The deposition of tailings pond silt, while extensive, may arguably impact some fish habitat; however, that impact should not be expected to be persistent for an extended period. In the greater scheme of things, it will appear as a thin, local geological layer, reminiscent of many other natural occurrences.

Second, and perhaps this is more of a similarity to Mount Polley than a distinction, the dam burst occurred in a remote area where the impact on the local population will be small because the number of local residents is small. Without suggesting that rural residents are in any way less important than their urban kindred, if one must travel by air or water a considerable distance just to survey the damage, by definition, the human impact is small.

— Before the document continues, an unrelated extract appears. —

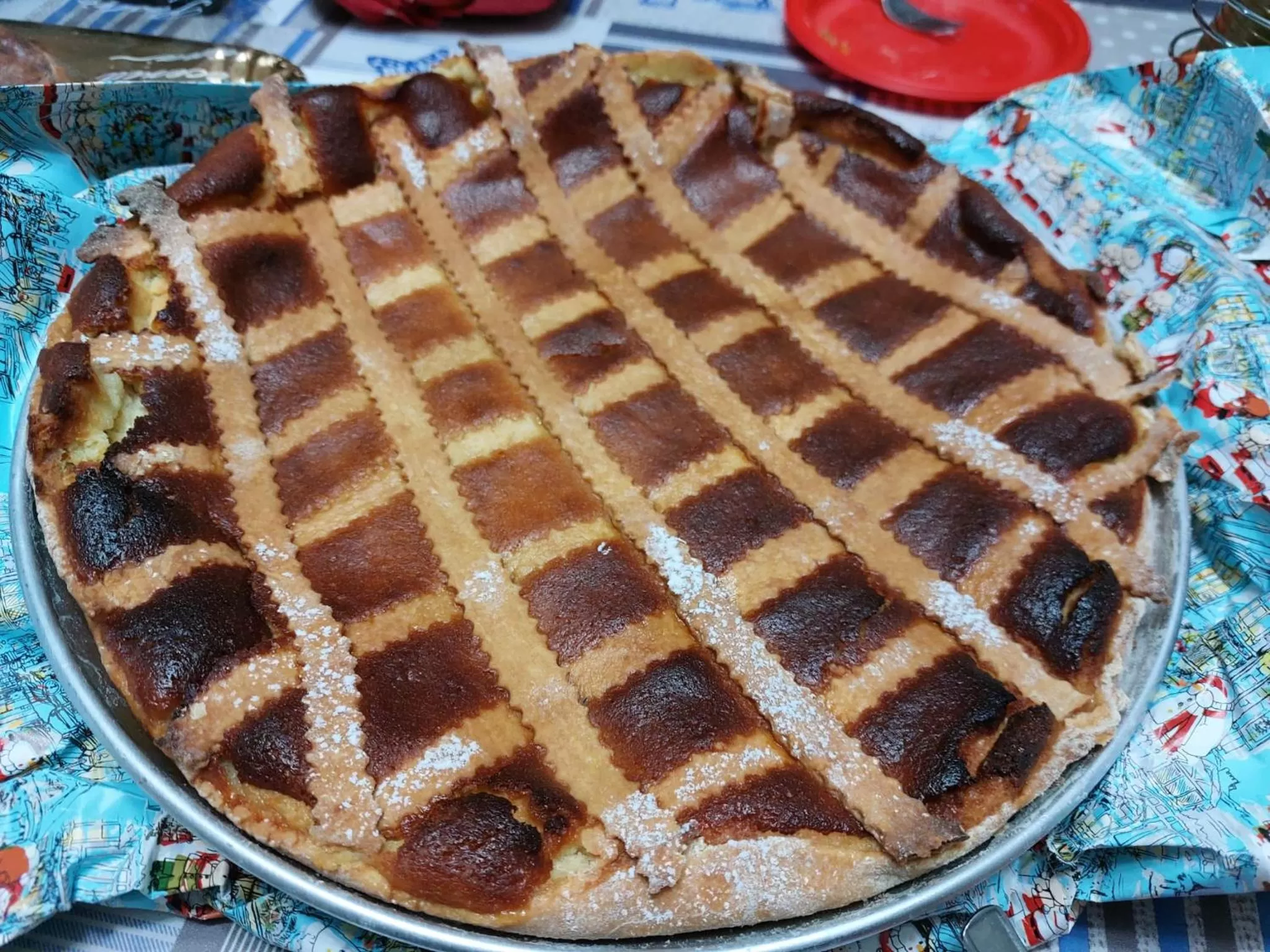 Breakfast in B&B Dint 'o core e Napule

Third, again more of a positive comparison than a contrast, Mount Polley was producing copper and gold, which our society demands. Pebble, one day, may likewise produce such commodities to necessarily supplement the world requirements of a power-hungry world.

Fourth, the dam that failed at Mount Polley could probably never be built in Alaska under the current regulatory climate; and it certainly would not be operated in a similar fashion. Simply put, the regulations and oversight requirements governing a future mine at Pebble are substantially more stringent than those currently in place in British Columbia. To its credit, the provincial government was all over the spill as soon as it occurred; however, in Alaska the responsible government agencies are all over large mine projects before they are designed.

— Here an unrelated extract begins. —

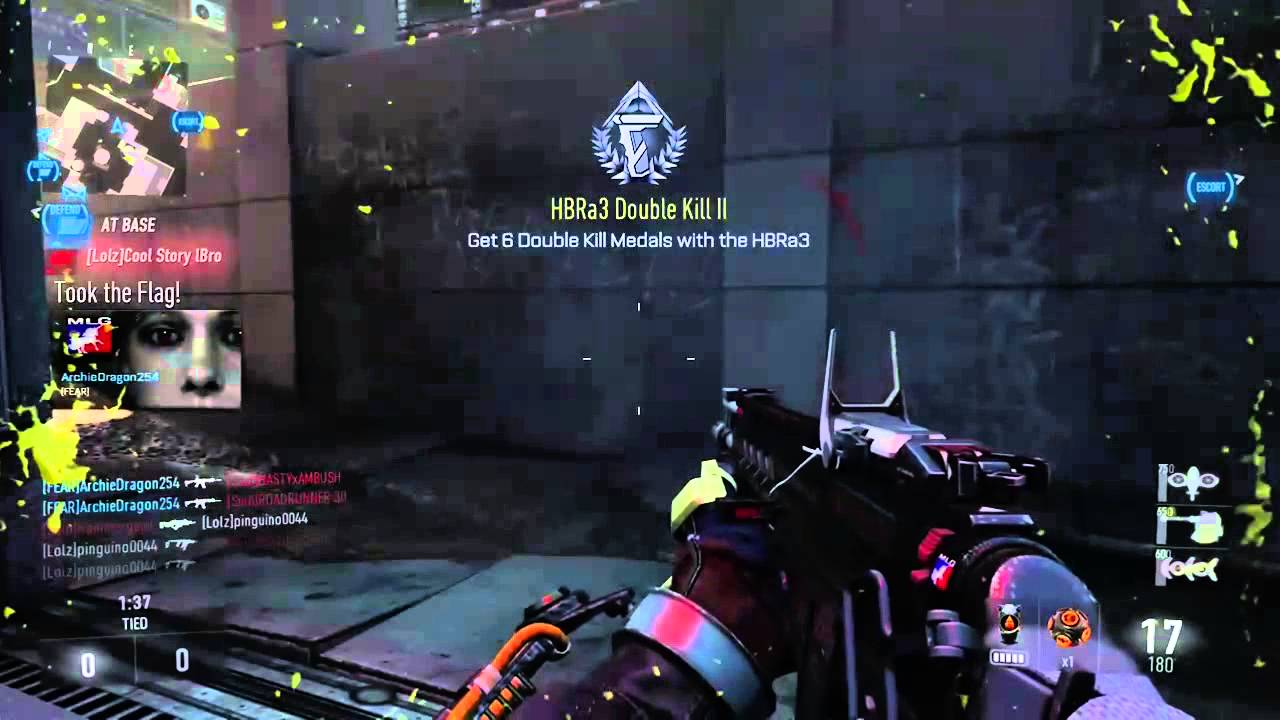 COD AW (random clips) - YouTube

While our modern-day "Chicken Little" wannabes may be expected to cluck wildly about this recent turn of events, the sky really is not falling and the Fraser River salmon runs will be fine if any fishermen let them get to their spawning grounds. Mount Polley has been described as a disaster or even a catastrophe that proves once again that _______ (government / business / modern science - fill in the blanks) cannot be trusted with our ______ (welfare / environment / anything else - fill in the blanks). It is neither. It is albeit a large event that will be accompanied by a great deal of sound and fury signifying nothing.

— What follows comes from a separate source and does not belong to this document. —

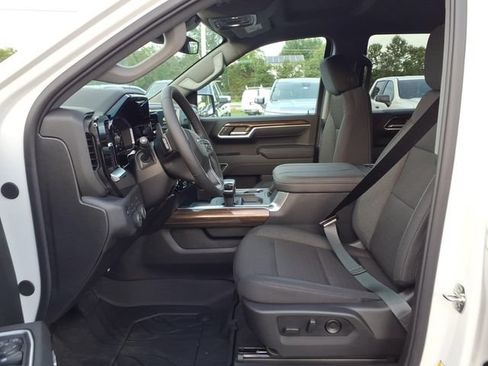 New 2026 Chevrolet Silverado 1500 RST w/ Convenience Package II AWD/4WD image 10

The engineers associated with the Pebble Project can, and undoubtedly will, detail the design factors that distinguish the Mount Polley dam from any dam that may be constructed at Pebble and the endless documentation that will be generated at every stage of the permitting process will go into great detail as the relative size of the impoundment, the exact nature of the pent-up water, the composition of the silt and every other detail.

However, the take-away from the Mount Polley event is simply this: Even a massive escapement into the headwaters of the Fraser River show virtually no perceptible risk of impact on that massive fishery. The concerned citizens of Seattle, the home base of the Bristol Bay fishing industry should take great comfort from the Mount Polley experience.